The first white men to settle Australia were London pickpockets, Irish Rick-burners, and poachers from the Midlands, already the inheritors of a long tradition of folk music. The Irish seem to have taken the lead. United by more than their chains, they sang in a whisper the old songs of Ireland. At the risk of flogging or hanging they sang the rebel songs too. The authorities called any criticism of the system 'treason', and punished it as such. But this never quite stopped the Irish from singing, and it never stopped them from making up new, local verses to old tunes. From mouth to ear and from ear to mouth, not always of the same nationality, both kinds of song spread through the convict settlements; and no amount of floggings could stop them.

Emancipists, bolters and the pick of the free settlers pushed out into the bush where no laws ran, and took the 'treason' songs with them to sing there. But the face of the country had been drastically changed by the gold rush. Many of the gold-rush songs are anonymous; most of them that survive are the work of professional entertainers, Thatcher, Colon and others- witty, topical verses set to current overseas hit tunes for use in the theatres and cabarets of the mushroom gold towns. They are seldom heard from bush singers today.

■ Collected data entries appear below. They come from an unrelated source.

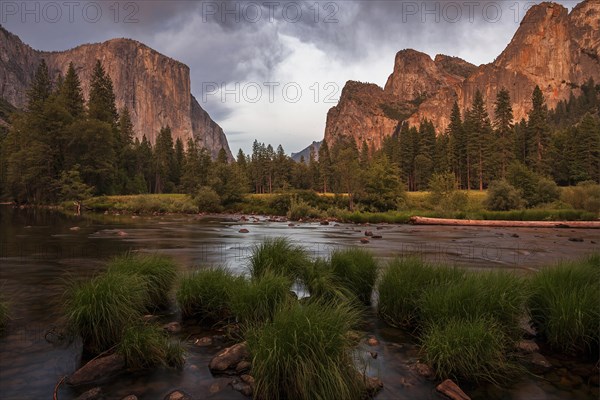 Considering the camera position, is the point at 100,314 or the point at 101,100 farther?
the point at 101,100

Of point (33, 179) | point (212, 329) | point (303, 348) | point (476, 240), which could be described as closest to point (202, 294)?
point (212, 329)

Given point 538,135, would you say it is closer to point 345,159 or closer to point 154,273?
point 345,159

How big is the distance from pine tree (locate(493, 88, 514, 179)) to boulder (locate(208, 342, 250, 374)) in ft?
255

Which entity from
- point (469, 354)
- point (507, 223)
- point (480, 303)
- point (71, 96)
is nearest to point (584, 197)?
point (507, 223)

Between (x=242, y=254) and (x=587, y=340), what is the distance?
1399 cm

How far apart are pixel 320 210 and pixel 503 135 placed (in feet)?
158

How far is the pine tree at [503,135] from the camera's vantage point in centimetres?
7288

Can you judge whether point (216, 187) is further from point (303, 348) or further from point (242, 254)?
point (303, 348)

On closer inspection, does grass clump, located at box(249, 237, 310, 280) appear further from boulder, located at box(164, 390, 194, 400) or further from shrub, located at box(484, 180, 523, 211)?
shrub, located at box(484, 180, 523, 211)

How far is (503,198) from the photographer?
45750mm

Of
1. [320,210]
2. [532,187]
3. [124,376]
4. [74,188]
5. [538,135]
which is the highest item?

Then the alluvial gold petered out. Many towns shrank back into idleness. Unemployment grew serious. Many squatters were bankrupted by the Land Acts, and went off droving or shearing in the new outback. Owing to the fact the cadets (alias jackaroos or narangies) were literate we know a fair bit about their singing habits. Living an isolated sort of life between the homestead and the men's hut, jackaroos sometimes amused themselves by composing and singing new verses to familiar tunes.

The men of the nomad trades, the drovers, shearers, bullockies and the rest, were great diffusers of songs; and in addition they composed their own. It was in the late 1880's that the first printing of bush songs occurred, but the first systematic collection was begun by AB Paterson in 1898. He published a first thin edition of The Old Bush Songs in 1905 and successive enlarged ones until 1932. Many contributors helped him, including ex-bushranger Jack Bradshaw.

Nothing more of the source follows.